说实话,他对这个什么王子的不感兴趣,只是觉得很麻烦,这些人不在自己国家好好待着跑来做什么啊,弄个人仰马翻的。
“怎么样,要不要来一杯?”他将手中的酒向着这个王子伸了过去。
“啪!”一只戴着黑色手套的手伸出来将他的手拦了下来,“对不起,鉴于我的保护人未成年,饮酒会影响到我的工作,所以我必须建议您放弃这个建议。”
哼,大少爷,大中午的就喝得晕头了不成?
诺姆有些感激地看了沈醉一眼,在他的国家未满18绝对禁止饮酒的。
市长公子有点面子挂不住,他上下打量了沈醉一番,“你谁啊?”中国人怎么帮着外国人说话啊?
“我是王子殿下的保镖,他所有的安全由我负责。”简而言之,别给她的工作增加不必要的麻烦!
他斜了沈醉一眼,“你也应该明白‘无酒不成宴’的老话,而且为了表示我对王子殿下的敬意,他更应该喝了,这和年纪没有关系吧?毕竟他是王子,有很多应酬也是没办法的事情。”
真是不识趣的家伙,硬杠上了是不是?她冷哼一声,依旧公式化地拦着他,“对不起,那是另外一回事。”
“你的意思是不给这个面子吗?”市长公子沉下脸来故意为难沈醉。
“您可以找人替王子殿下接受您的好意……”那个秘书你做什么去了?管家呢?怎么需要人的时候就不见了?她是保镖不是外交家啊!

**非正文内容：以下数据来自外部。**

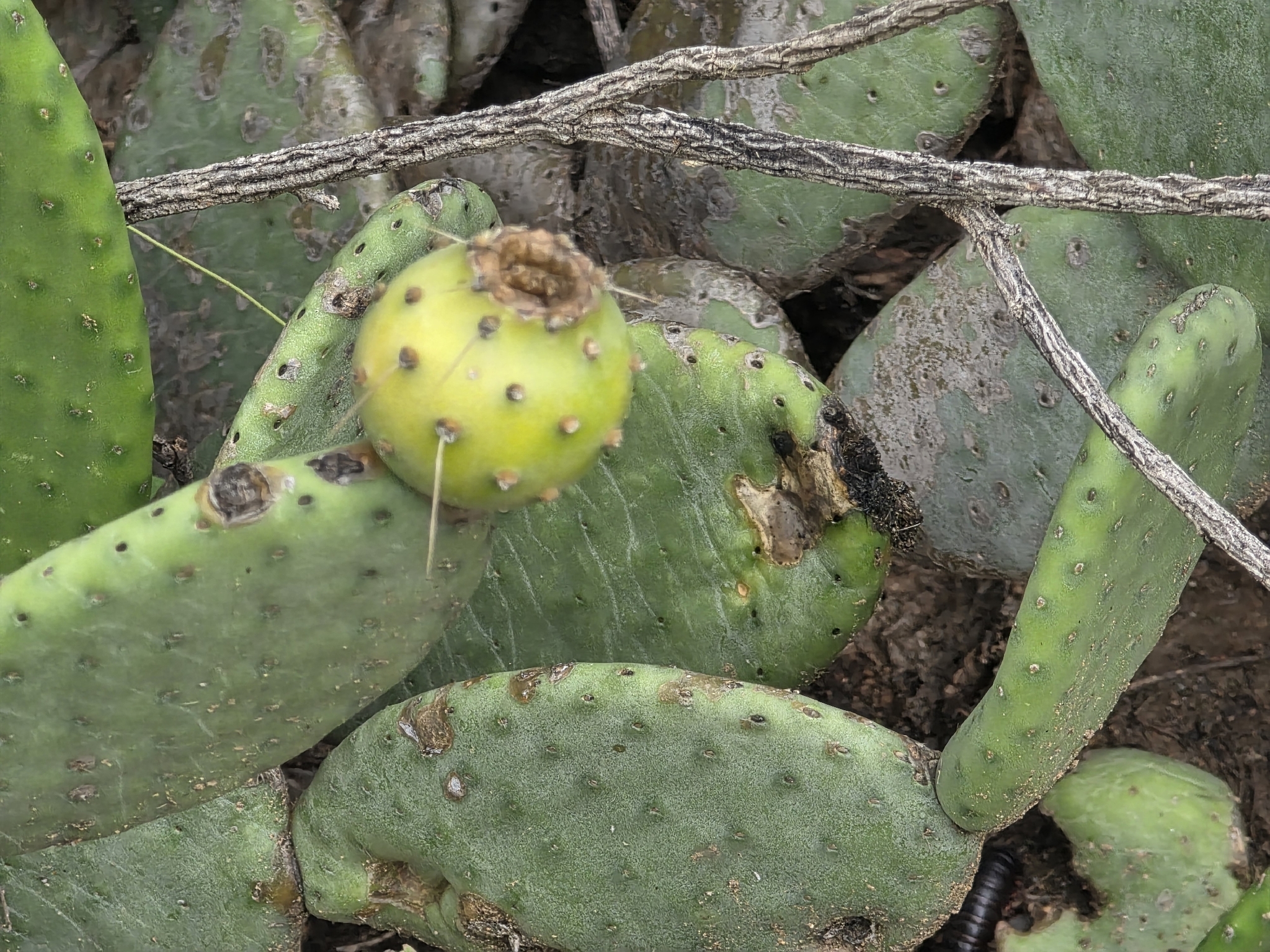 Tacinga inamoena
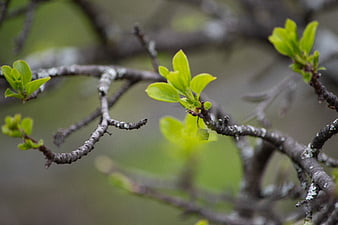 Close-up of fresh green leaves sprouting on a tree branch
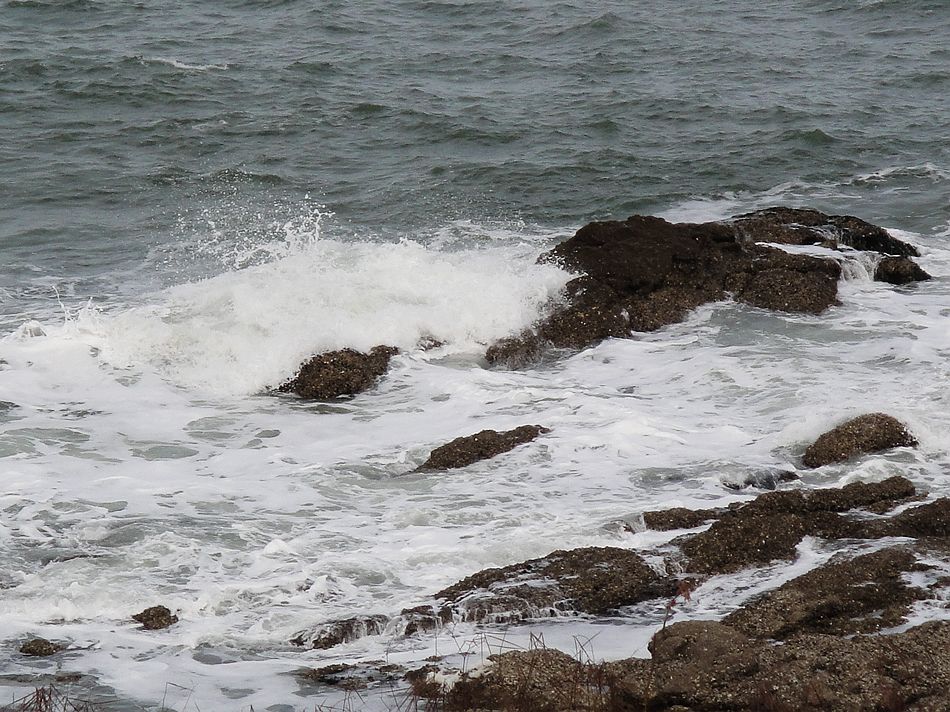 DSC07557.jpg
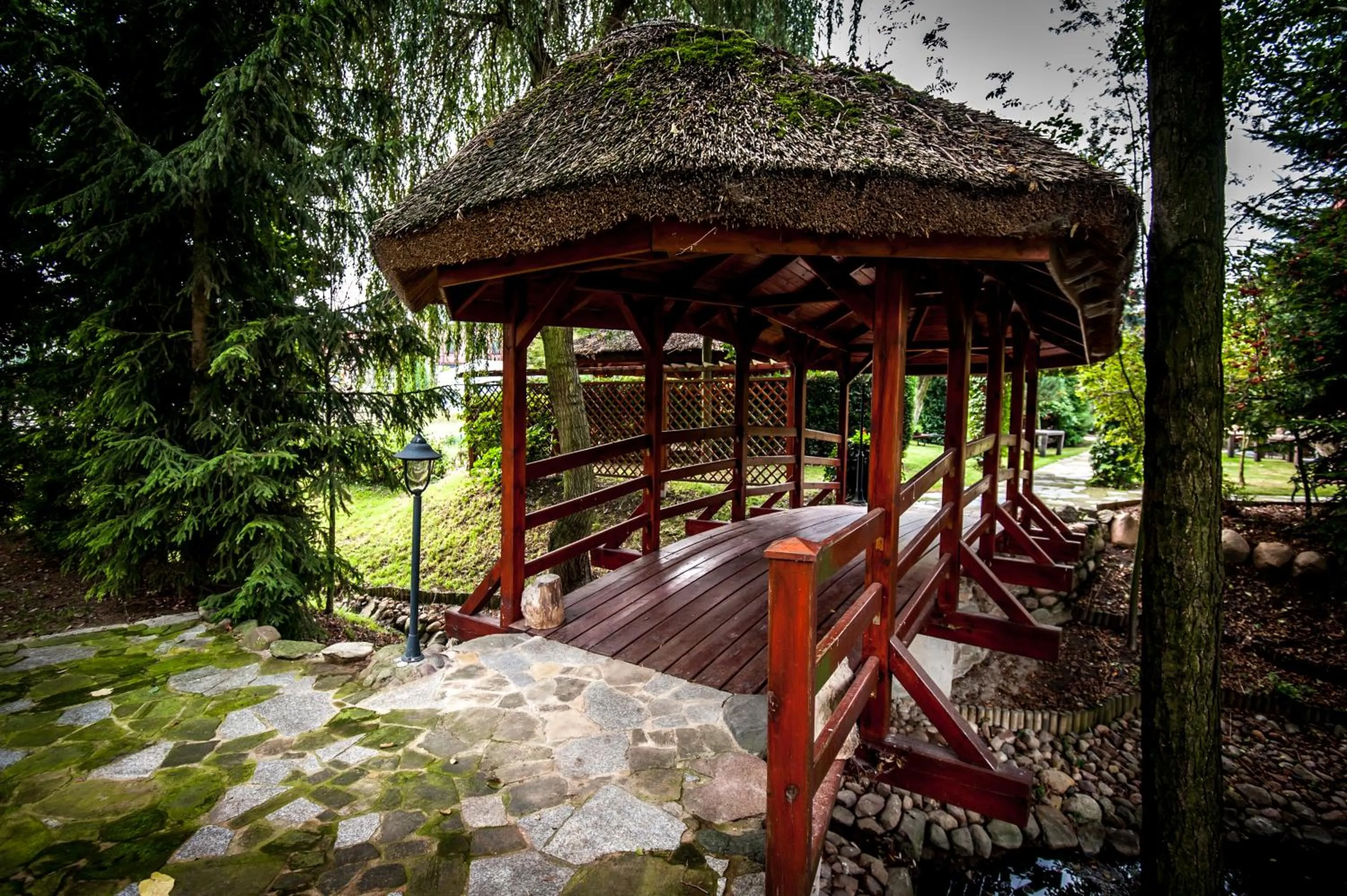 Activities in Akademia Kuraszków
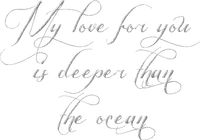 my love for you/words - zadarmo png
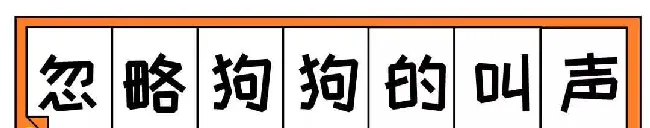 好吓人！我的狗为什么总是冲着空地叫！？ | 宠物狗饲养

“那就请你替殿下接受一下我的好意不就得了?”哼,看看谁更厉害!
“我现在工作中不能喝酒。”她是有职业道德和操守的人。
“意思是我的工作就可以无视吗?”
“您的意思是……”
“接受了我的好意就好了,我想说清楚了这个小子也不会辞退你的吧。”
诺姆的中文有限得可怜,压根听不明白他们在说什么,不过似乎沈醉很为难这杯酒的样子……
哼……
那个市长公子很显然还不明白沈醉的作风,就见她迟疑了一下,接过了酒杯。
“沈……”他还没来得及阻止,她已经端过酒杯一饮而尽,然后倒转过杯子,显示一下一滴不剩。
“哼嗯,这还差不……”
那个市长公子哼了一声,有些悻悻的,没想到这个女人这么干脆,真是没意思。
就这个想的时候,他的领带忽然被一只戴着黑手套的手抓住用力一拽,整个人被拉过了她的面前!
她要做什么?笑得这么诡异,难道是准备动手?他可是市长公子,谅她也……没……那……个……胆……子!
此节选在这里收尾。